Stock of physical capital off transport

The (PK) variable corresponds to the cumulative gross fixed capital formation (GFCF) minus transport depreciation (i.e., road, rail, air, and pipeline). It brings together all the tools and equipment used for national production. The \(SPC_{t}\) variable constitutes a part of this capital that can be estimated separately. They can be deduced as follows:

$$PK_{t} = SPC_{t} + K_{t}$$
$$SPC_{t} = PK_{t} - K_{t}$$

where \(K_{t}\) represents the other tools and equipment used in production processes.

Marine capital stock

This aggregate is measured as investment expenditure in maritime infrastructure, and it aggregates all jobs in the cumulative GFCF net of depreciation related to the maritime sector.

Seaport capital stock

This stock is for ports only. The relative data for \(SPC_{t}\) are not for immediate use, and they are calculated as follows:

$$SPC_{t} = \left( {1 - \delta_{t} } \right).SPC_{t - 1} + I_{{SPC_{t} }}$$
$$I_{{SCS_{t} }} = SCS_{t} - \left[ {\left( {1 - \delta_{t} } \right).SCS_{t - 1} } \right]$$

where \(SPC_{t}\) and \(SPC_{t - 1}\) are the seaport capital stocks at year \(t\) and \(t - 1\), respectively. \(I_{{SPC_{t} }}\) is the seaport infrastructure investment for year t, while \(\delta_{t}\) represents the rate of depreciation of seaport infrastructure, which is 5% according to the Tunisian national accounts (Official Gazette of the Republic of Tunisia [OGRT] 2008; Central Bank of Tunisia [CBT] 2021). Estimating the \(SPCS_{t}\) stock for year t requires calculating the capital of seaports for a base year (\(SCS_{1985}\)) and using a capital coefficient \(\phi_{t}\) to represent the ratio between \(SPCS_{t}\) and the added value of seaports \(AV_{{SPA_{t} }}\):

$$\phi_{t} = SPCS_{t} /AV_{{SPA_{t} }}$$
$$SPC_{1985} = 3.\left( {AV_{{SPA_{1985} }} } \right)$$

Labour factor

This factor is measured as the number of people in the population with a job. It includes everyone in one of the following employment situations: practicing a profession (salaried or otherwise), even on a part-time basis; helping a person in his or her work, even without pay; being an apprentice or paid intern; exercising reduced activity; being a student; or being officially retired but still in employment. The statistics are published by the National Institute of Statistics [NIS] (2022).
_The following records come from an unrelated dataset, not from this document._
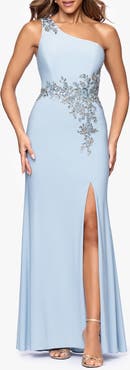 Xscape Evenings Embellished Soutache One-Shoulder Gown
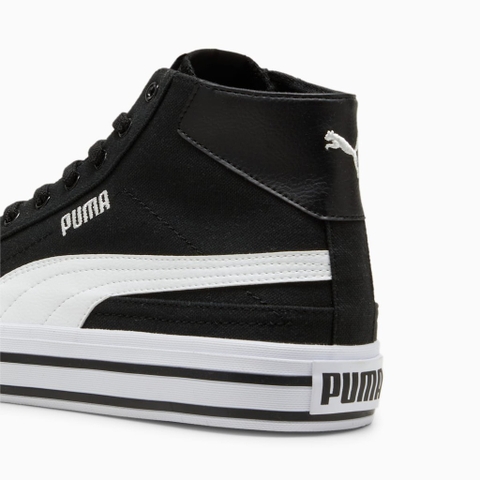 Giày thể thao sneaker chính hãng Puma Court Classic Vulcanized Formstrip Mid Top Black White - Đen trắng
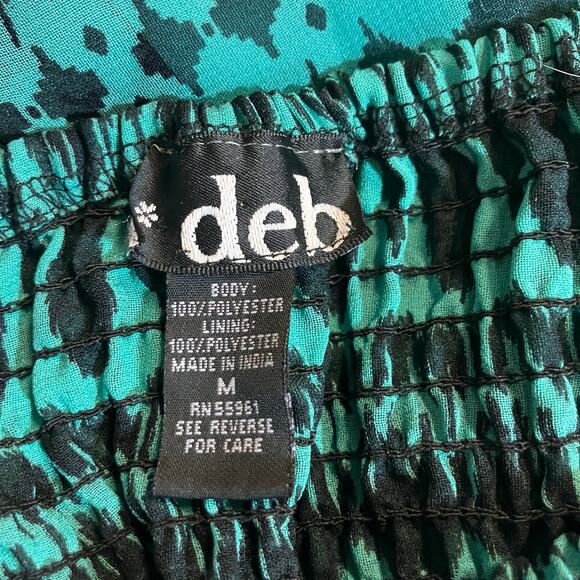 VTG Deb Y2K Dress Sz M Smocked Teal Black Handkerchief Hem Geometric Fairygrunge - Picture 10 of 12
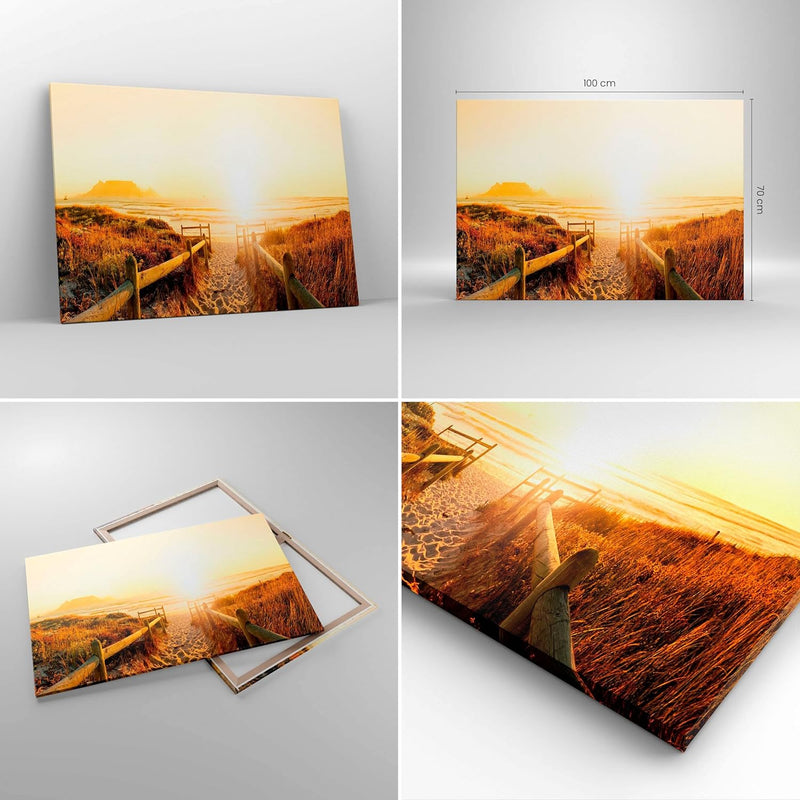 Bilder auf Leinwand 100x70cm Leinwandbild Sonnenaufgang Welle Insel Meer Gross Wanddeko Bild Schlafz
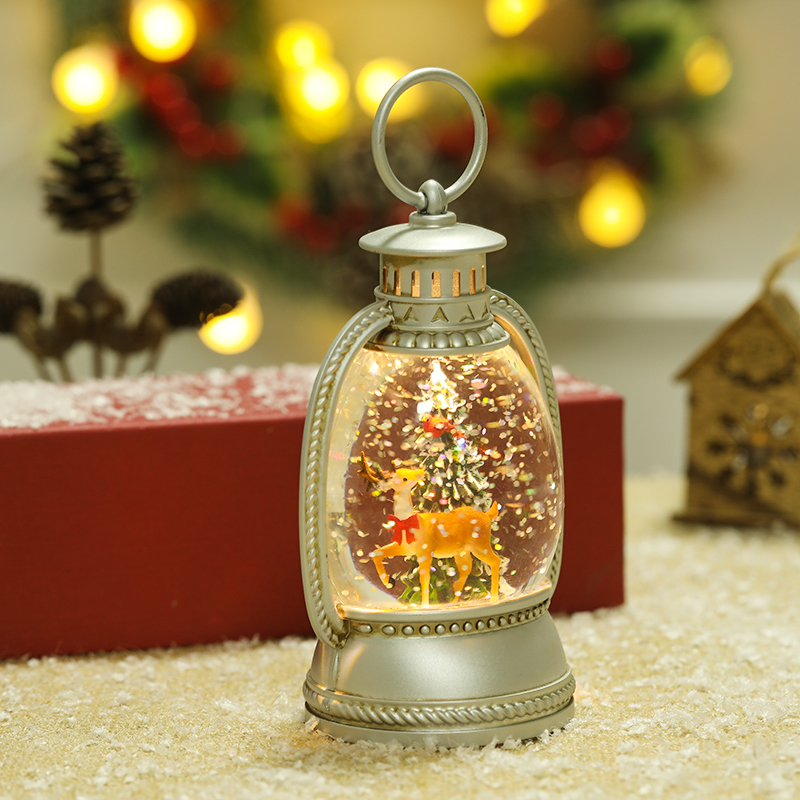 圣诞节迷你小马灯手摇飘雪花水晶球儿童送礼物场景摆件产品图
Estimating Eq. 2 requires any autocorrelation problems to be detected and corrected, so we need to make it linear through logarithmic transformation:

$$LogY_{it} = a + \alpha LogPK_{it}^{{}} + \beta LogSPC_{it}^{{}} + \lambda LogLF_{it}^{{}} + \gamma LogPKOSPC_{it}^{{}} ;\,\,\,{\text{where}}\,\,\,\,\,\,\,\,\,\,a = LogA.$$

The logarithmic transformation is very useful because the slope of each transformed series corresponds to the discrete growth rate. Thus, the transformation and differentiation of the series address the autocorrelation problem among the variables while making the series more stable.

In order to operationalize the estimation of Eq. 3, the data were broken down by branch of economic activity i. Actual GDP, meanwhile, was broken down into value added at factor cost by industry. Next, PK and LF were also broken down by activity branch. In addition, SPC and PKOSPC could also be broken down by branch of activity, at least in the sense that while they are not specific to a well-defined industry, they could be allocated to branches of activity.


Preliminary analysis

International trade in goods and services

Since the beginning of the 1990s, Tunisia has been gradually liberalizing its foreign trade and establishing free trade agreements with many countries. Indeed, the country’s gradual integration into the world economy has resulted in 50 trade agreements with as many countries, giving it access to more than 800 million consumers (Ministry of Trade and Export Development 2022). In addition, the Tunisian customs has two import–export regimes for products and services: the general customs regime (GCR) and the offshore customs regime (OCR).

A customs declaration under the CGR is made directly by the importer or exporter or an approved customs agent, while the OCR is specific to three categories of companies: (i) entirely exporting companies that benefit from a special regime for encouraging off-shore regime into a free zone, (ii) partially exporting companies that benefit from a customs regime that suspends duties and taxes, and (iii) companies making products for the local market and benefiting from the import regime for capital goods, semi-finished products, and raw materials.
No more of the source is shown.